• [Task instructions]
For the records below, output every line from the one holding "dengan baik 🤗" through the final line, unaltered, and no other lines.

Web page caption snippets:
*** Begin section ***

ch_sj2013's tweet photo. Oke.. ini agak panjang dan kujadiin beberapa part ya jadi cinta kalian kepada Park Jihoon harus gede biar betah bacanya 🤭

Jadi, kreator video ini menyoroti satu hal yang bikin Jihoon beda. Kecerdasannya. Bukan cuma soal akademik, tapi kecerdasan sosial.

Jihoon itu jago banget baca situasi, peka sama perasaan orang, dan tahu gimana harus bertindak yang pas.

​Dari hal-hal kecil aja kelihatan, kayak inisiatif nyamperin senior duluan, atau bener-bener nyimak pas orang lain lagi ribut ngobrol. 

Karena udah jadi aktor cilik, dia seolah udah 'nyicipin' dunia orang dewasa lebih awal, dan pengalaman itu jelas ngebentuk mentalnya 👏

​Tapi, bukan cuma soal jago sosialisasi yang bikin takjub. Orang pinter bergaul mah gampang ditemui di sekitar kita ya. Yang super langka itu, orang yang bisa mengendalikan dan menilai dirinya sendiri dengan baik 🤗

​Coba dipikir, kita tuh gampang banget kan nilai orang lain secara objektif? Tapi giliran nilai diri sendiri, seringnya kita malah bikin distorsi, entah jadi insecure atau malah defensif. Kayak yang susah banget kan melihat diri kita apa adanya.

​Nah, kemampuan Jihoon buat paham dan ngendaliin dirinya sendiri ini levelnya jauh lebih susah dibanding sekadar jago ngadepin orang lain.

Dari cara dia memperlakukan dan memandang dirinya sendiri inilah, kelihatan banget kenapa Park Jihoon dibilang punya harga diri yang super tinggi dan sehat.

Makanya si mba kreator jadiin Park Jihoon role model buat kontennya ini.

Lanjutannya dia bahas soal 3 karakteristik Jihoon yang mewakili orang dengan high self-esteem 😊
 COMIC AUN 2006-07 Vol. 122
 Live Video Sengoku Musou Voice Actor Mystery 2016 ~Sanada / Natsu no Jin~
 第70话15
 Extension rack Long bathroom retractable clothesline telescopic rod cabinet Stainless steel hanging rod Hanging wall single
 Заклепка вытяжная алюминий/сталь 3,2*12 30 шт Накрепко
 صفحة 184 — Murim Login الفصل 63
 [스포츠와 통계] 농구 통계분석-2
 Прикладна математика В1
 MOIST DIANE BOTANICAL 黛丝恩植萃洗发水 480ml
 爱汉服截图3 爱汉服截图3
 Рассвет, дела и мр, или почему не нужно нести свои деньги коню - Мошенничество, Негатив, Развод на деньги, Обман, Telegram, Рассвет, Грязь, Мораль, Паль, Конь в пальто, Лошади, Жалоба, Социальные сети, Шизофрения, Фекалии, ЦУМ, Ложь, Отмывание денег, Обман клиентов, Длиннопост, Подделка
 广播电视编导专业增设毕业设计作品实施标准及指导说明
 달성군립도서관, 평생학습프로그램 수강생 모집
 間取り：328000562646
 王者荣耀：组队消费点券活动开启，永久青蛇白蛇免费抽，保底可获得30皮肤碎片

*** End section ***

• [Result of this task]
​Tapi, bukan cuma soal jago sosialisasi yang bikin takjub. Orang pinter bergaul mah gampang ditemui di sekitar kita ya. Yang super langka itu, orang yang bisa mengendalikan dan menilai dirinya sendiri dengan baik 🤗

​Coba dipikir, kita tuh gampang banget kan nilai orang lain secara objektif? Tapi giliran nilai diri sendiri, seringnya kita malah bikin distorsi, entah jadi insecure atau malah defensif. Kayak yang susah banget kan melihat diri kita apa adanya.

​Nah, kemampuan Jihoon buat paham dan ngendaliin dirinya sendiri ini levelnya jauh lebih susah dibanding sekadar jago ngadepin orang lain.

Dari cara dia memperlakukan dan memandang dirinya sendiri inilah, kelihatan banget kenapa Park Jihoon dibilang punya harga diri yang super tinggi dan sehat.

Makanya si mba kreator jadiin Park Jihoon role model buat kontennya ini.

Lanjutannya dia bahas soal 3 karakteristik Jihoon yang mewakili orang dengan high self-esteem 😊
 COMIC AUN 2006-07 Vol. 122
 Live Video Sengoku Musou Voice Actor Mystery 2016 ~Sanada / Natsu no Jin~
 第70话15
 Extension rack Long bathroom retractable clothesline telescopic rod cabinet Stainless steel hanging rod Hanging wall single
 Заклепка вытяжная алюминий/сталь 3,2*12 30 шт Накрепко
 صفحة 184 — Murim Login الفصل 63
 [스포츠와 통계] 농구 통계분석-2
 Прикладна математика В1
 MOIST DIANE BOTANICAL 黛丝恩植萃洗发水 480ml
 爱汉服截图3 爱汉服截图3
 Рассвет, дела и мр, или почему не нужно нести свои деньги коню - Мошенничество, Негатив, Развод на деньги, Обман, Telegram, Рассвет, Грязь, Мораль, Паль, Конь в пальто, Лошади, Жалоба, Социальные сети, Шизофрения, Фекалии, ЦУМ, Ложь, Отмывание денег, Обман клиентов, Длиннопост, Подделка
 广播电视编导专业增设毕业设计作品实施标准及指导说明
 달성군립도서관, 평생학습프로그램 수강생 모집
 間取り：328000562646
 王者荣耀：组队消费点券活动开启，永久青蛇白蛇免费抽，保底可获得30皮肤碎片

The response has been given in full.